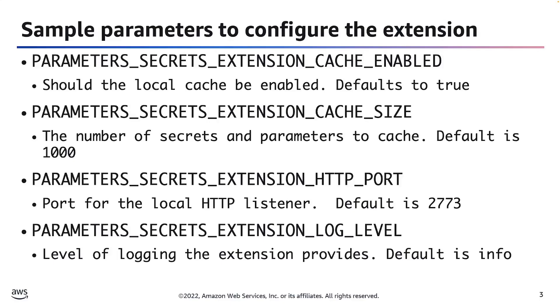First, we have the PARAMETERS_SECRETS_EXTENSION_CACHE_ENABLED. This determines if the extension will or will not cache secrets that are retrieved. Setting this to true will enable the local cache in the extension. And the default setting for this value is true.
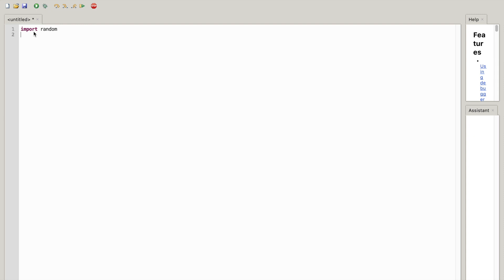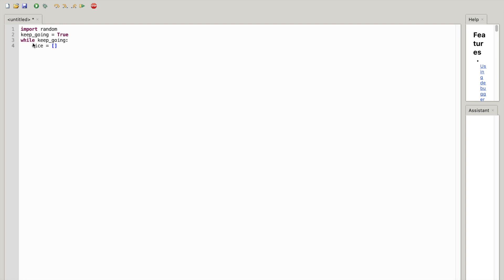That's going to import the random library. Now what you want to do is write 'keep_going' space equal to True. Now what you want to do is write 'while keep_going', hit a colon, hit enter, and make sure it's indented. Now write 'dice' space equal to space — two brackets with five zeros: [0, 0, 0, 0, 0].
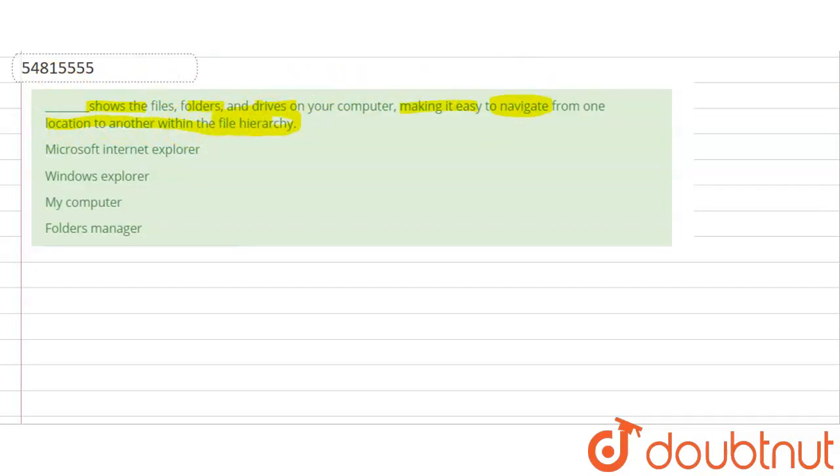So what happens? Would it be Microsoft Internet Explorer? No, it doesn't matter about the Internet, we are talking about the computer. Windows Explorer? No, it doesn't matter about the window.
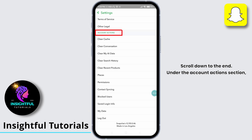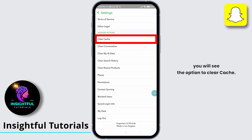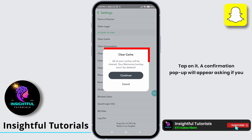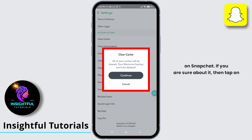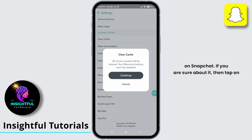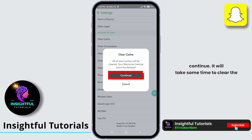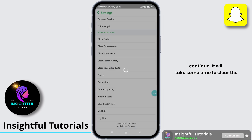Under the account actions section, you will see the option to clear cache. Tap on it. A confirmation pop-up will appear asking if you are sure about clearing your cache on Snapchat. If you are sure about it, then tap on continue. It will take some time to clear the cache on Snapchat.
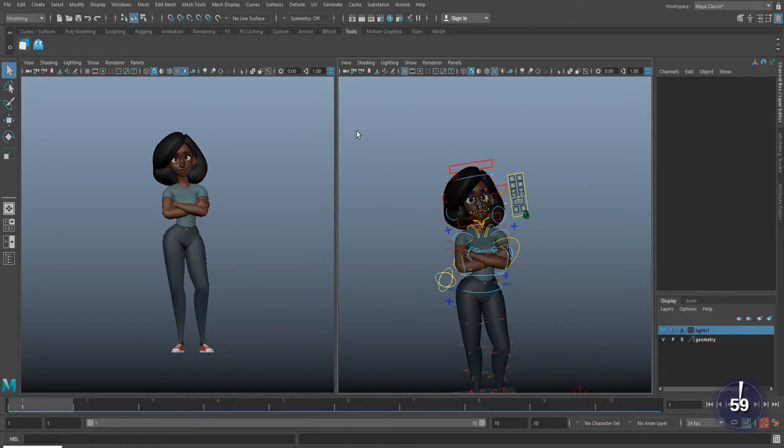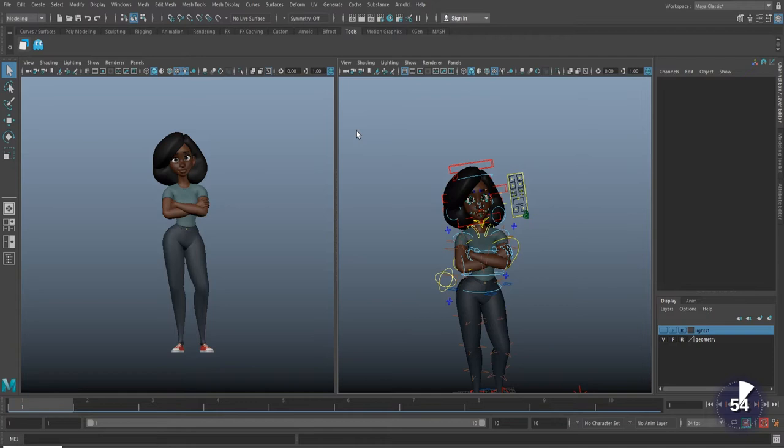By default, Maya stores information for the last 50 things you did, meaning you can undo up to 50 times. Quite often, this doesn't end up being enough.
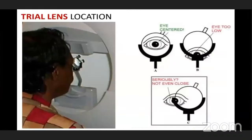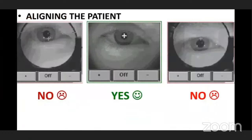Then we have trial lens placement. The lens should be centered properly — not too close — and the eye should be at the center and not too low. When aligning the patient, the plus sign should be centered with the pupil; it should not be up, down, or sidewards.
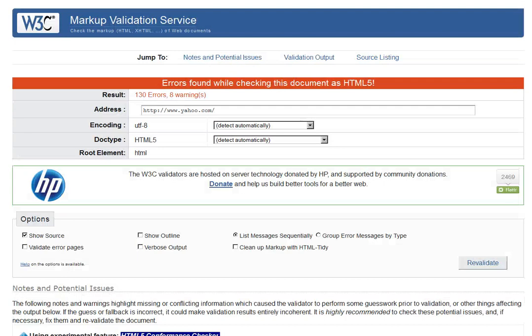There you go. That's your walkthrough of the W3C Markup Validation Service. Thank you.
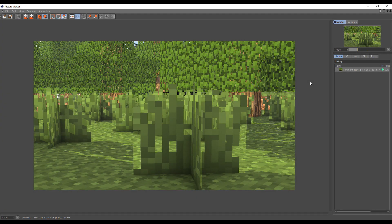Hey everyone, it's RyderTheSpider. Welcome back to another tutorial. Today I'm showing you two bugs in one. They're both extremely annoying and make your renders look like garbage, and I'm going to show you how to fix them, so let's do it.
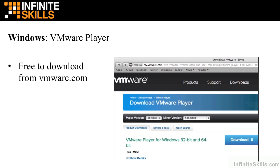Lastly, for the Windows operating system, we need to get the VMware Player. This is free to download from VMware.com. You're simply going to go there, get the player, click the Download button to download the installer, then double-click on it and follow the prompts to install VMware Player.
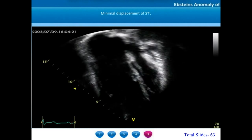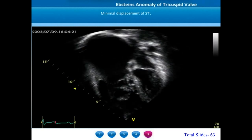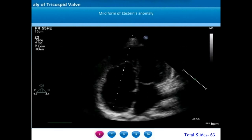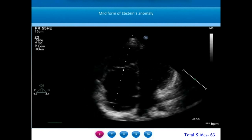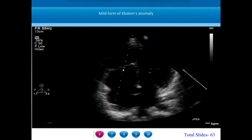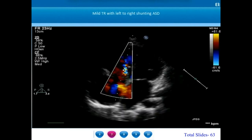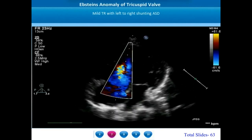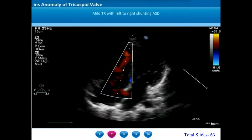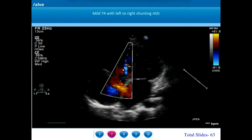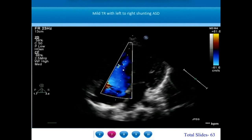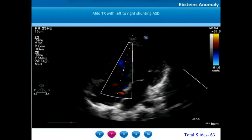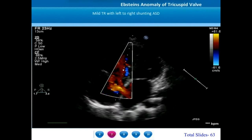In almost every patient with Epstein's anomaly, there will be a dilatation of the right atrioventricular junction. In this Carpentier type A patient, there is a small atrialized right ventricle and a mild narrow jet of tricuspid regurgitation. There is also a small atrial septal defect. Since the abnormality of the right ventricle and tricuspid valve is not very marked in Carpentier type A, most atrial septal defects will be shunting left to right.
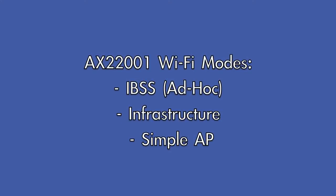The AX22001 supports three wireless modes. We will live demo the ad-hoc mode in this video.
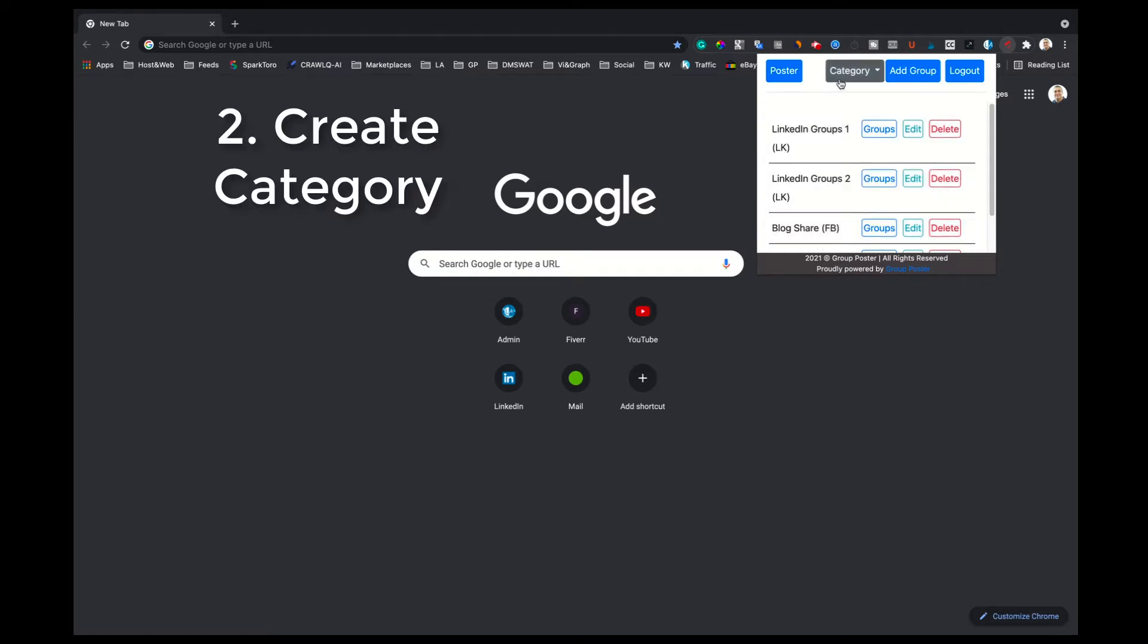Click on the Category button and a drop-down menu will open up showing two options: 1. Add Category. 2. View Categories.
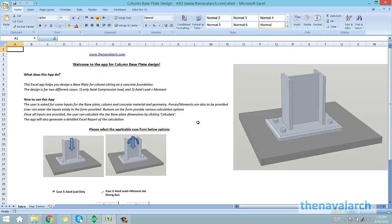This application is completely based on AISC Steel Design Guide 01, Base Plate and Anchor Rod Design, 2nd edition.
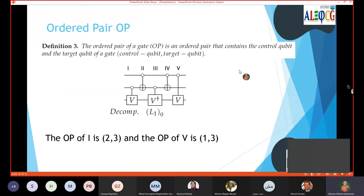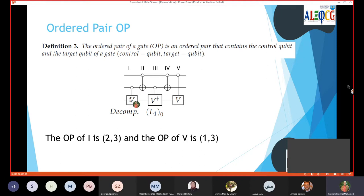There is an ordered pair (OP) concept in this paper. An ordered pair only concerns the control qubit and the target qubit — it does not concern the functionality of the decomposition or the gate itself. For example, for decomposition L10 which is C123 consisting of five gates, gate I is a V-gate with control on the second qubit and target on the third qubit. So the OP of gate I is (2,3) — the control qubit is written first, then the target qubit.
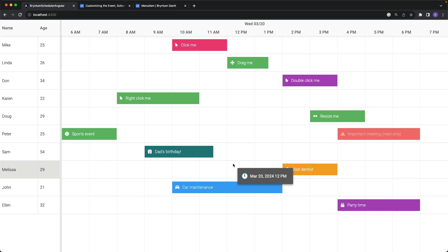Here we have an Angular application that uses the Bryntum Scheduler component for a super fast yet robust scheduling UI. Now there are four context menus inside of a Bryntum Scheduler component.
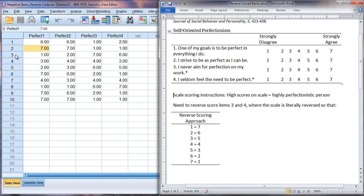And that would be this person here person number three. They answer with a one and two on the first two questions and then a seven and six on the last two. So if you read through these once again and looked at these values that should indicate someone who is not highly perfectionistic.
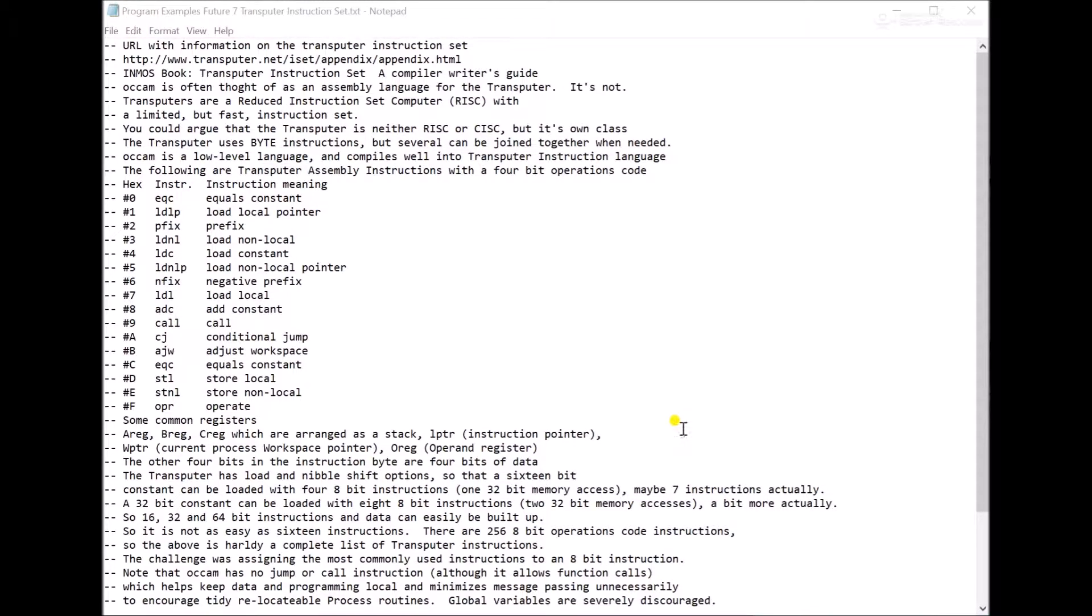We'll take a break from running code. You often hear that Occam is the assembly language of the transputer, but that's not really quite true. The transputer does actually have its own instruction set, and it looks more like a RISC processor than Occam.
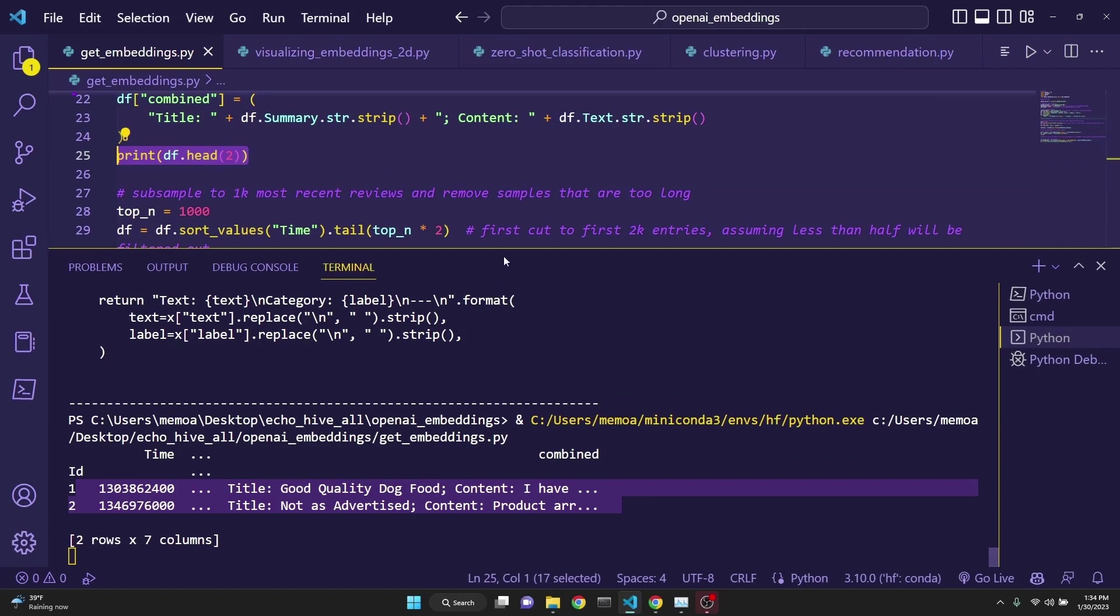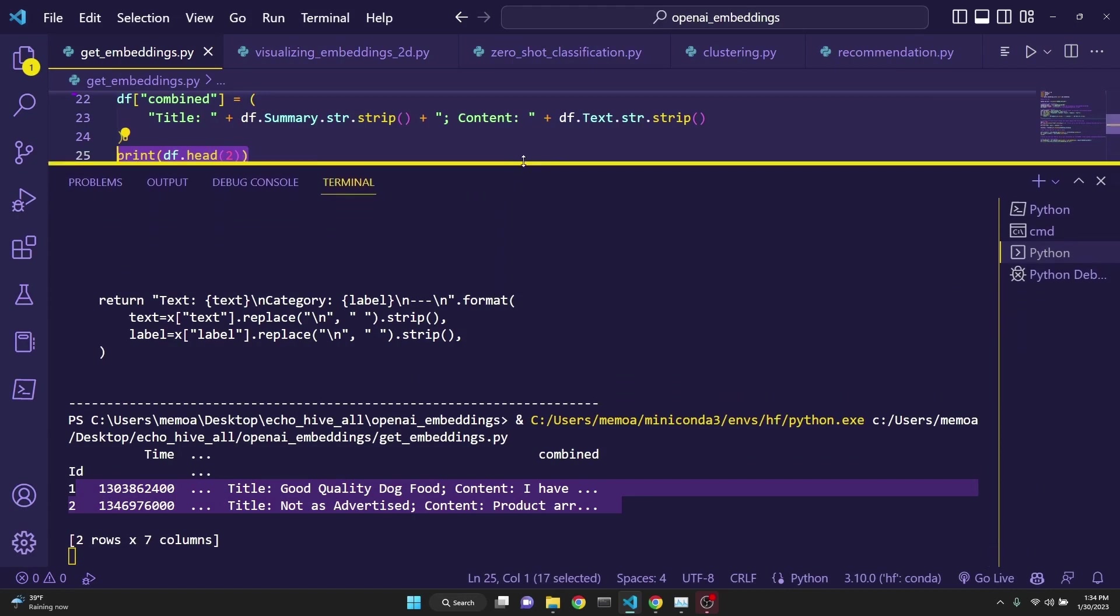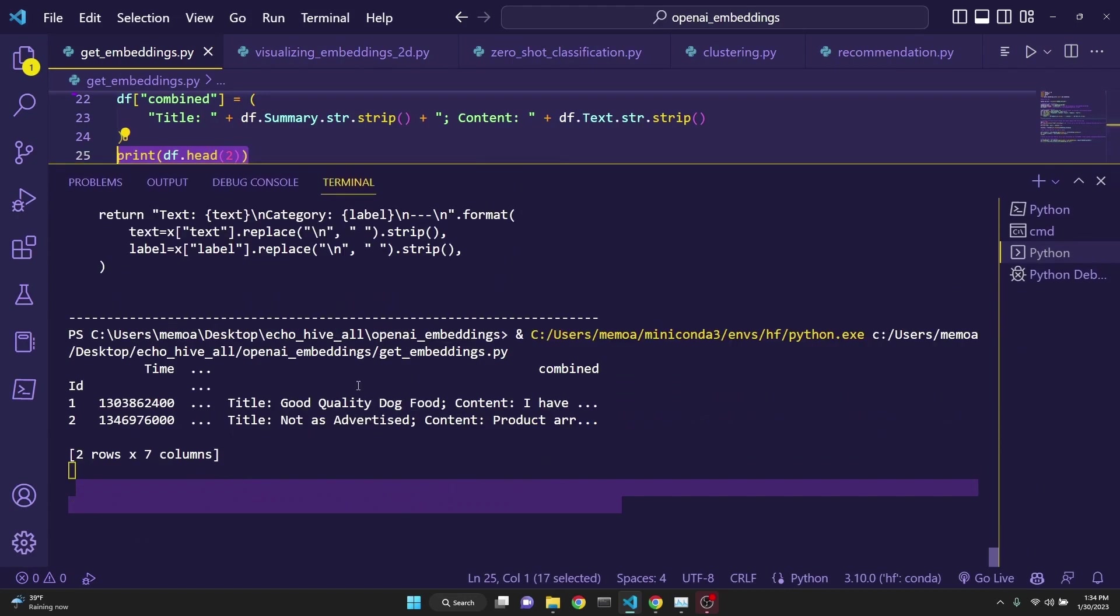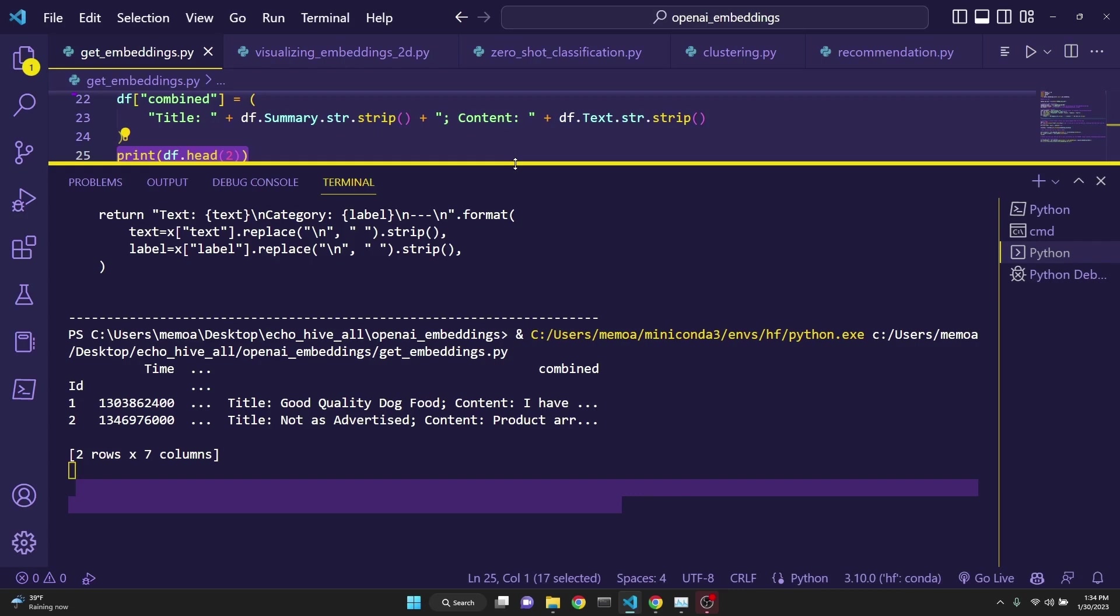it takes a couple of minutes for a thousand rows of Amazon food review data to be processed and sent back from OpenAI's ADA API, including a column for the embeddings.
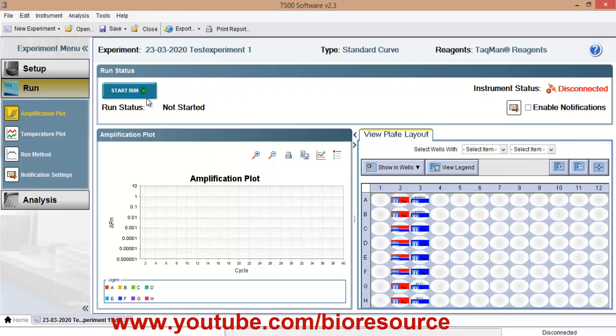Hope you are clear with the intro to the reaction setup in 7500. If you like the video, please press the like button.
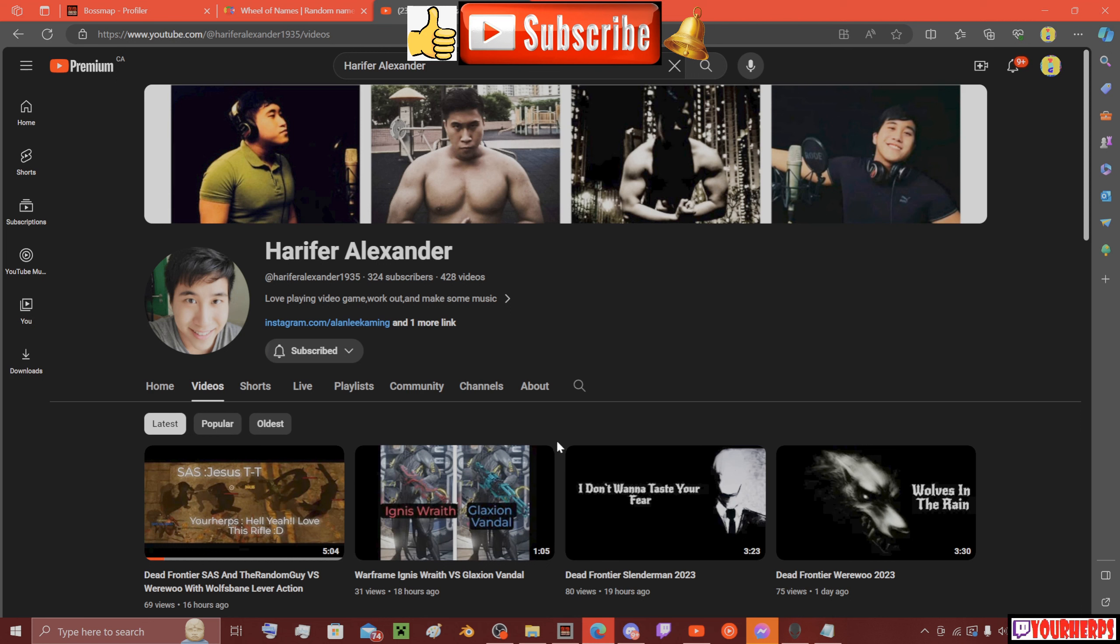Yeah, don't forget to like and subscribe to me and him, and don't forget to have a great day too. Thank you very much, Harfer Alexander, AKA SAS.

Instructions to follow
I'd like the entries above repeated exactly, but without any of their pictures.

Response below
First, we have the PARAMETERS_SECRETS_EXTENSION_CACHE_ENABLED. This determines if the extension will or will not cache secrets that are retrieved. Setting this to true will enable the local cache in the extension. And the default setting for this value is true.
That's going to import the random library. Now what you want to do is write 'keep_going' space equal to True. Now what you want to do is write 'while keep_going', hit a colon, hit enter, and make sure it's indented. Now write 'dice' space equal to space — two brackets with five zeros: [0, 0, 0, 0, 0].
So what happens? Would it be Microsoft Internet Explorer? No, it doesn't matter about the Internet, we are talking about the computer. Windows Explorer? No, it doesn't matter about the window.
Under the account actions section, you will see the option to clear cache. Tap on it. A confirmation pop-up will appear asking if you are sure about clearing your cache on Snapchat. If you are sure about it, then tap on continue. It will take some time to clear the cache on Snapchat.
By default, Maya stores information for the last 50 things you did, meaning you can undo up to 50 times. Quite often, this doesn't end up being enough.
Then we have trial lens placement. The lens should be centered properly — not too close — and the eye should be at the center and not too low. When aligning the patient, the plus sign should be centered with the pupil; it should not be up, down, or sidewards.
There you go. That's your walkthrough of the W3C Markup Validation Service. Thank you.
Hey everyone, it's RyderTheSpider. Welcome back to another tutorial. Today I'm showing you two bugs in one. They're both extremely annoying and make your renders look like garbage, and I'm going to show you how to fix them, so let's do it.
Lastly, for the Windows operating system, we need to get the VMware Player. This is free to download from VMware.com. You're simply going to go there, get the player, click the Download button to download the installer, then double-click on it and follow the prompts to install VMware Player.
In almost every patient with Epstein's anomaly, there will be a dilatation of the right atrioventricular junction. In this Carpentier type A patient, there is a small atrialized right ventricle and a mild narrow jet of tricuspid regurgitation. There is also a small atrial septal defect. Since the abnormality of the right ventricle and tricuspid valve is not very marked in Carpentier type A, most atrial septal defects will be shunting left to right.
The AX22001 supports three wireless modes. We will live demo the ad-hoc mode in this video.
Click on the Category button and a drop-down menu will open up showing two options: 1. Add Category. 2. View Categories.
This application is completely based on AISC Steel Design Guide 01, Base Plate and Anchor Rod Design, 2nd edition.
There is an ordered pair (OP) concept in this paper. An ordered pair only concerns the control qubit and the target qubit — it does not concern the functionality of the decomposition or the gate itself. For example, for decomposition L10 which is C123 consisting of five gates, gate I is a V-gate with control on the second qubit and target on the third qubit. So the OP of gate I is (2,3) — the control qubit is written first, then the target qubit.
Here we have an Angular application that uses the Bryntum Scheduler component for a super fast yet robust scheduling UI. Now there are four context menus inside of a Bryntum Scheduler component.
And that would be this person here person number three. They answer with a one and two on the first two questions and then a seven and six on the last two. So if you read through these once again and looked at these values that should indicate someone who is not highly perfectionistic.
We'll take a break from running code. You often hear that Occam is the assembly language of the transputer, but that's not really quite true. The transputer does actually have its own instruction set, and it looks more like a RISC processor than Occam.
it takes a couple of minutes for a thousand rows of Amazon food review data to be processed and sent back from OpenAI's ADA API, including a column for the embeddings.
Hope you are clear with the intro to the reaction setup in 7500. If you like the video, please press the like button.
Yeah, don't forget to like and subscribe to me and him, and don't forget to have a great day too. Thank you very much, Harfer Alexander, AKA SAS.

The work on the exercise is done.